Fifth, one reason for the extraordinarily high rate of estimated non-disclosure is that the majority of sexual assaults are inflicted on children. And abuse selects for vulnerability. This means that there is, even in the best official data, a huge zone of blindness. But with the data we have, it is possible to say that the majority of child sex abuse is not like the grooming cases. It usually involves one-to-one assaults, in a residence, either first thing in the morning, during after-school hours, or at midnight. So, attempting to draw wider conclusions about the nature of child sexual abuse from the high profile grooming cases is at best a mistake.
The problem with Sarah Champion's intervention is not that she wants to talk about culture. If we started to talk about the cultural biases and cognitive distortions that enable abusers, that would require a careful and nuanced discussion, which would take into account the specific ways in which different groups of offenders -- be they the abusers at Kincora Boys Home, the groomers of Rotherham and Newcastle, or the fathers who assault their children ongoingly -- are informed by their cultural self-understandings, their religion, their socioeconomic position, and so on. It would not try to simplify all this by forcing it through the morally charged and oppressive grid of race.
To reinforce race as the appropriate framework for analysis and police action is to, as Sarah Champion admits, raise the pitch of nationwide Islamophobia. It is also to add one more giant weapon to the arsenals of silence. Children don't speak out for many reasons. In part because they fear they will not be believed, in part because they fear punishment or revenge. But one of the best known reasons is their fear of the process of accountability and prosecution itself. Their fear, in a word, that the process will run out of their control, that it will have consequences well beyond their intentions.
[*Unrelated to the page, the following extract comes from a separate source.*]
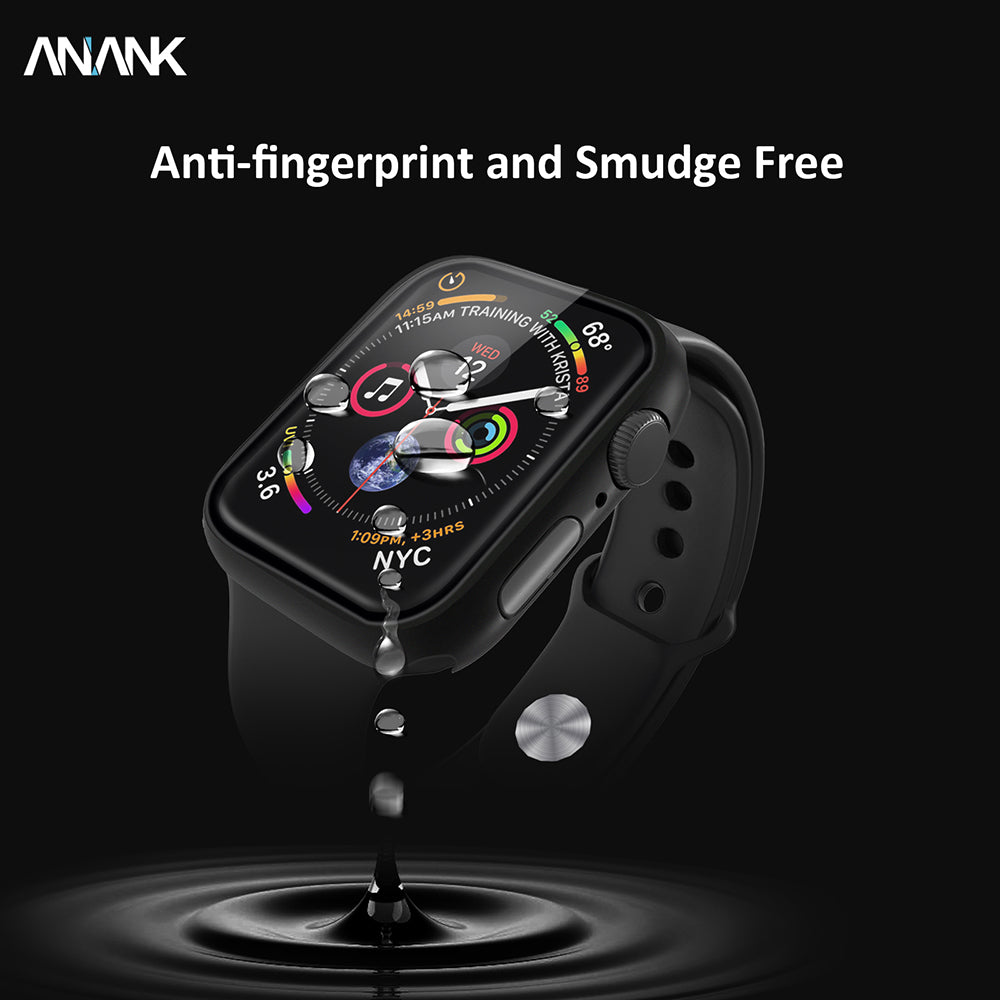 Custodia Anank Screen Guard per Apple Watch Series 7 41mm, Nera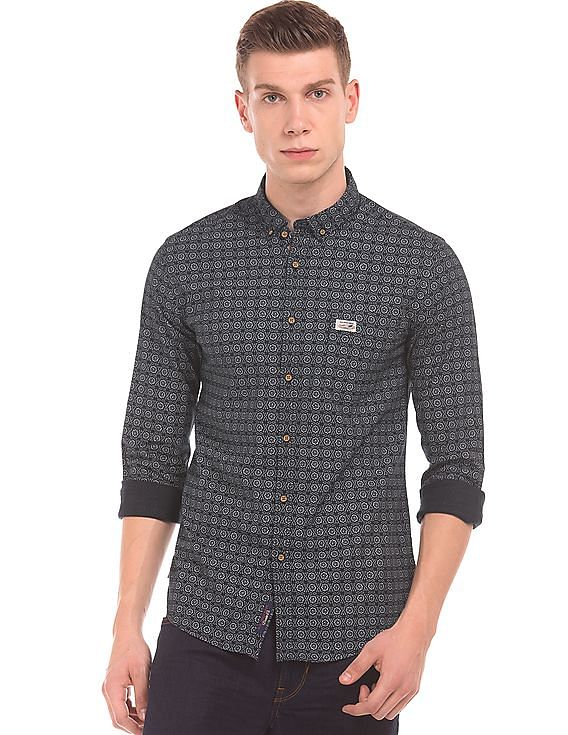 U.S. Polo Assn. Denim Co. Floral Print Button Down Shirt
If you turn child sex abuse into a national morality tale about race relations in 21st century Britain, you haven't made it easier for people to speak -- especially children who are particularly vulnerable because of the way they are racialised.
Because contrary to Champion's claims, this sort of intervention is not about protecting children. Racism is not child protection.
Addendum: Since I wrote this, Sarah Champion has taken to the pages of The Sun to further incite racial hatred. The headline: "British Pakistanis ARE raping white girls ... and we must face up to it". Followed by the first sentence: "Britain has a problem with British Pakistani men raping and exploiting white girls."
It is not trivial to point out that the majority of those arrested, prosecuted and convicted in this latest grooming circle in Newcastle are not Pakistani. To respond to this case by, as Champion has from the start, inciting against Pakistani men, is to conflate all the men with brown skin who were arrested, be they Iraqi, Bangladeshi, or Indian into a sort of racial amalgam, a Muslamic horde.
It also goes without saying that Champion styles herself as someone very brave and original, as though what she is saying has not been said over and over again by opportunistic Labour MPs, Tories, Ukippers, Sun columnists, and so on. "There. I said it. Does that make me a racist?" She asks. Yes.